▶ _GIVEN DATA_
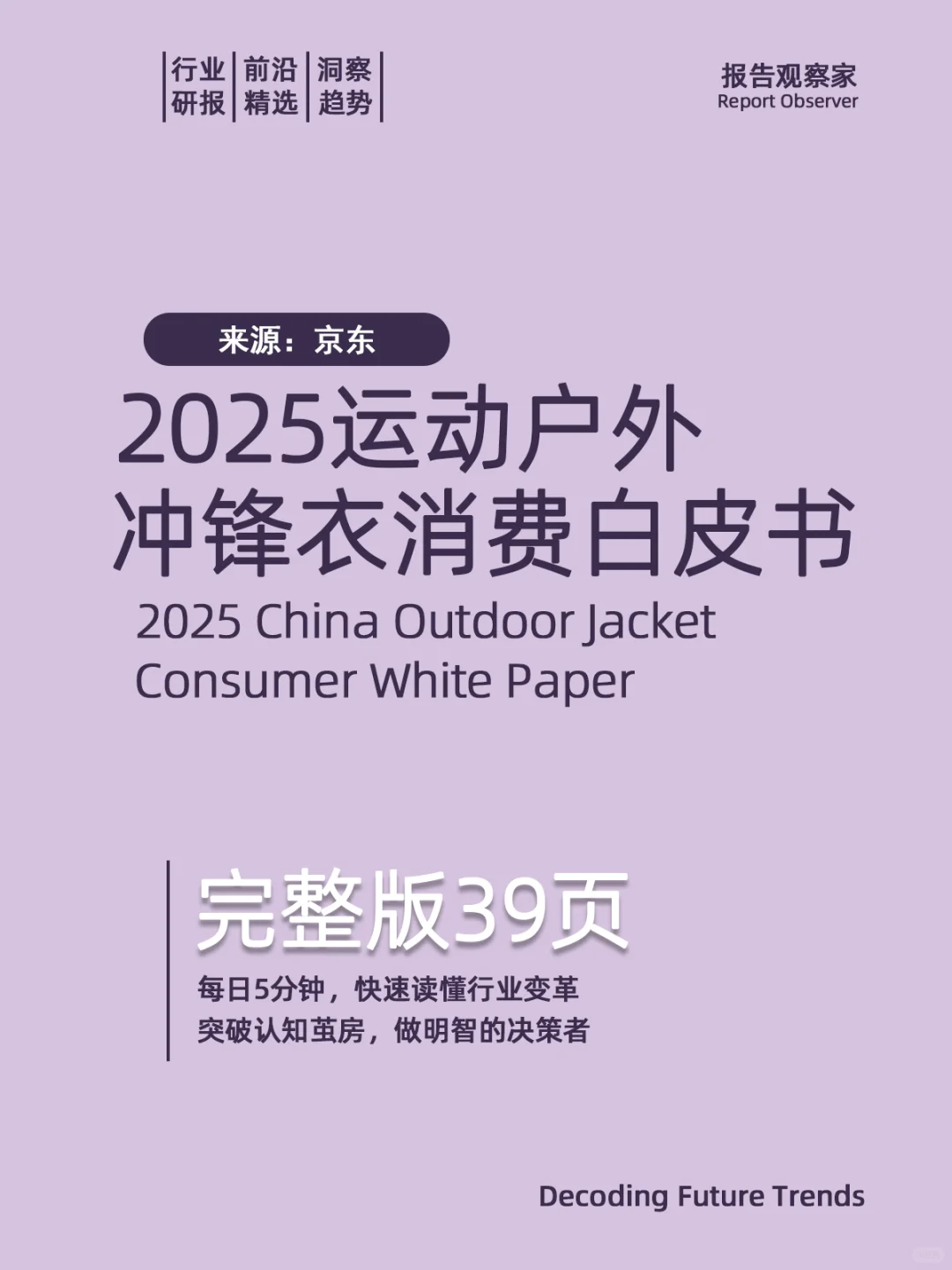 【京东】2025运动户外冲锋衣消费白皮书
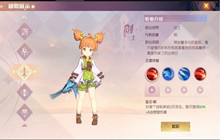 魔力宝贝旅人阿夏芙勇者传记解锁攻略 阿夏芙勇者传记怎么解锁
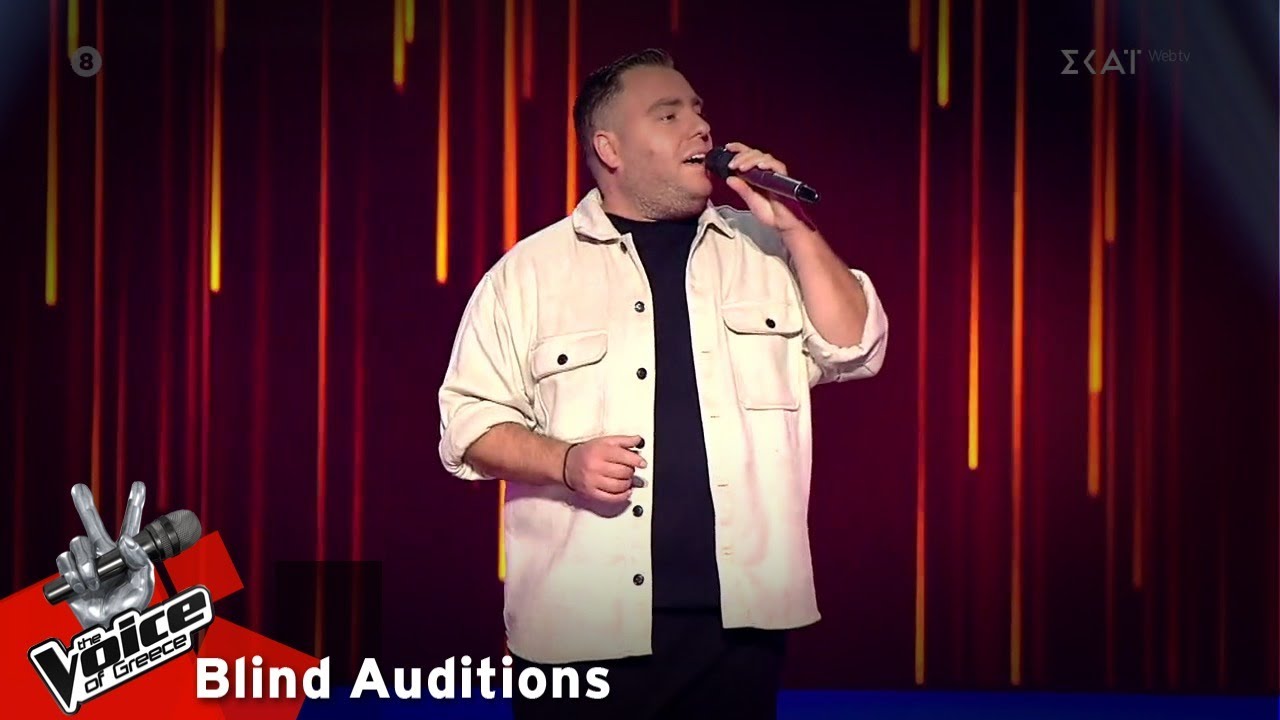 Από την Καρυά Άργους στο The Voice – Πώς ο Γιώργος Δενέζης έπεισε τους κριτές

▶ _WHAT TO PRODUCE_
Starting where a line contains "魔力宝贝旅人阿夏芙勇者传记解锁攻略 阿夏芙勇者传记怎么解锁" and finishing at the last line above, set down every line exactly as it reads, with no pictures.

▶ _YOUR RESPONSE_
 魔力宝贝旅人阿夏芙勇者传记解锁攻略 阿夏芙勇者传记怎么解锁
 Από την Καρυά Άργους στο The Voice – Πώς ο Γιώργος Δενέζης έπεισε τους κριτές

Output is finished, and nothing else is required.